La vida oculta detrás de una mascarilla

Miguel de las Cuevas

Seguramente esté leyendo este artículo sin mascarilla y a su alrededor ya vea gente también sin ella, pero en los últimos diecisiete meses seguro que ha sido incapaz de reconocer a su vecino cuando se le encontraba por la calle. Su carnicero, su quiosquero, la señora de la frutería... todos ocultos tras un 'complemento' que ya se ha hecho demasiado cotidiano para todos. También para usted. Todo este tiempo nos hemos imaginado quién y cómo era la persona que estaba detrás del tapabocas, ojos y miradas tristes y cansadas, tan tristes y cansadas que apenas nos mirábamos a la cara.

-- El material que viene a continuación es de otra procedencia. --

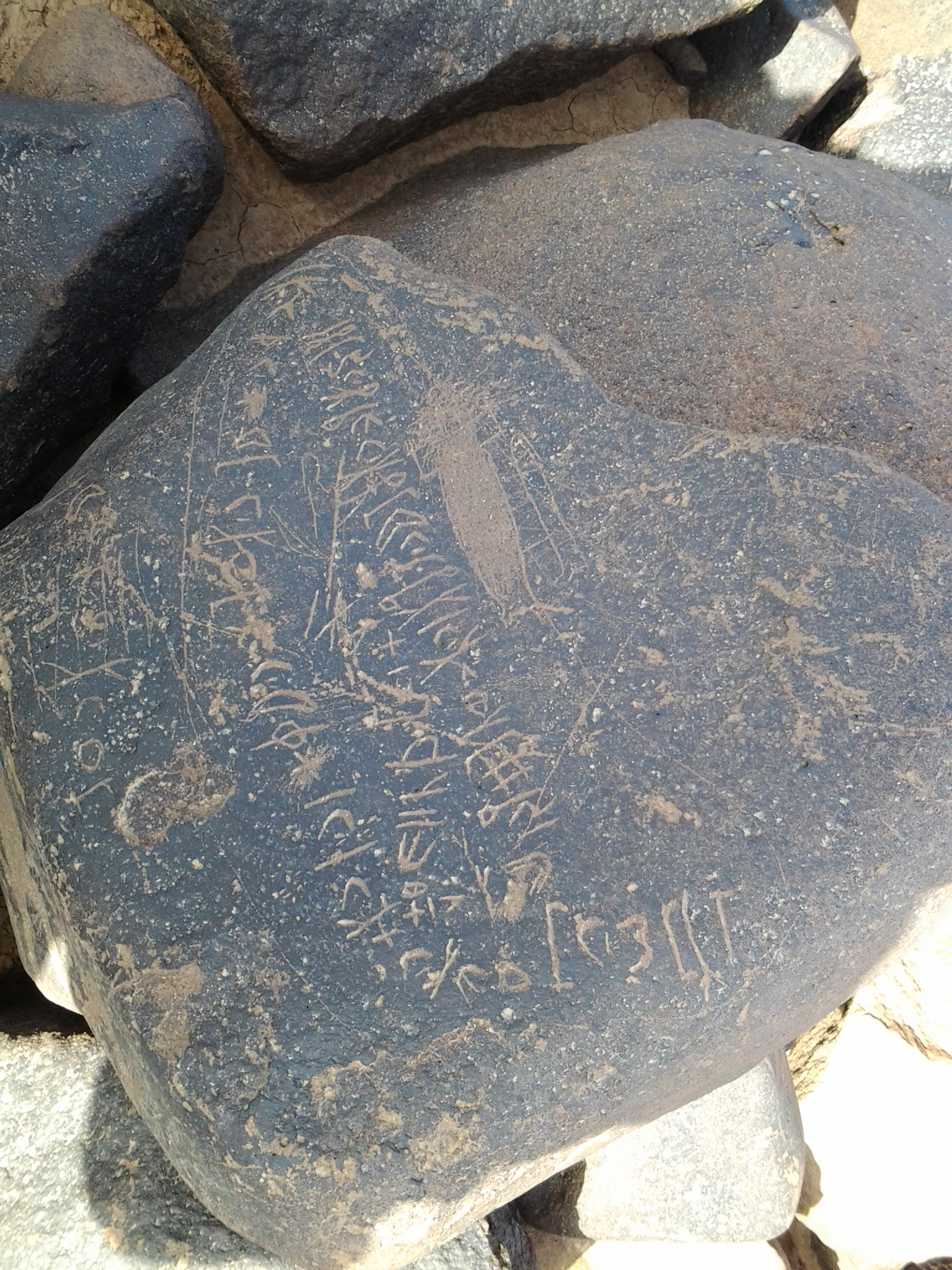 inscription of siglum QZMJ 635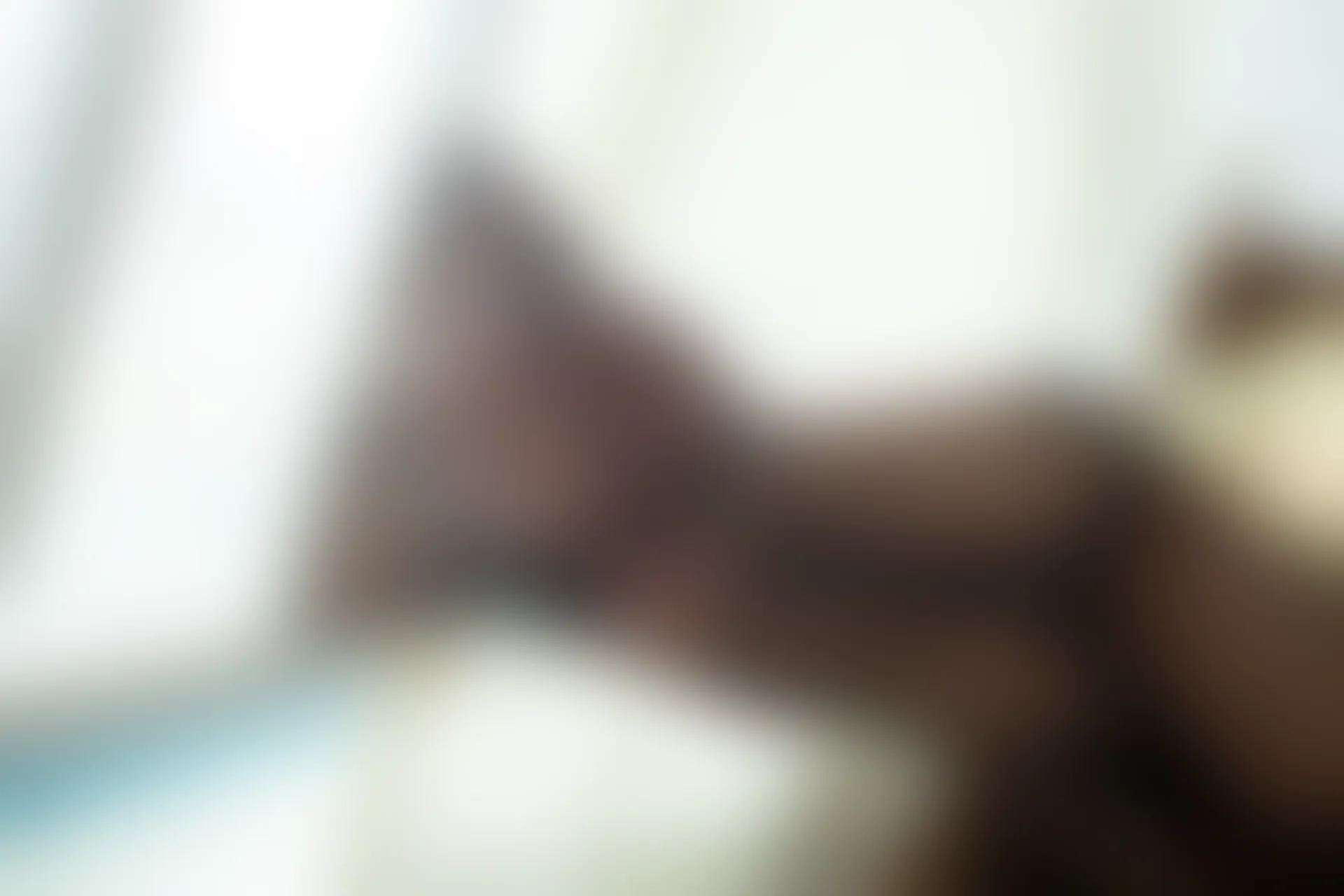 森萝财团 R15-041 [140P-1.03G]可爱, 女仆装, 森萝财团, 美腿, 黑丝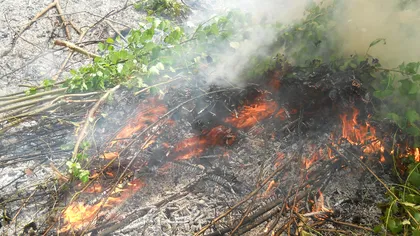 Incendiu de vegetaţie în Arad. Traficul feroviar pe magistrala 200 Deva - Arad a fost oprit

En estas últimas semanas usted ha tenido la oportunidad de conocer a través de El Diario Montañés a ocho de los 584.308 habitantes de nuestra comunidad que durante este periodo de tiempo han hecho posible que nuestras vidas hayan transcurrido con un mínimo de normalidad, casi, casi, como si nada extraordinario estuviera ocurriendo. Todos ellos trabajando durante la pandemia, por y para el bienestar de todos nosotros. Historias y experiencias que jamás pensaron que iban a vivir. Que nadie pudo llegar a imaginar. Usted tampoco.

Y ahora, después de haber descubierto quiénes son esas personas que estaban detrás de las mascarillas, le propongo un reto. Intente ver al resto sin ellas. Se dará cuenta de la verdadera realidad. Tal vez ya caiga en quién era su vecino, su carnicero, su quiosquero o la señora de la frutería. Y quizá ellos también le reconozcan a usted.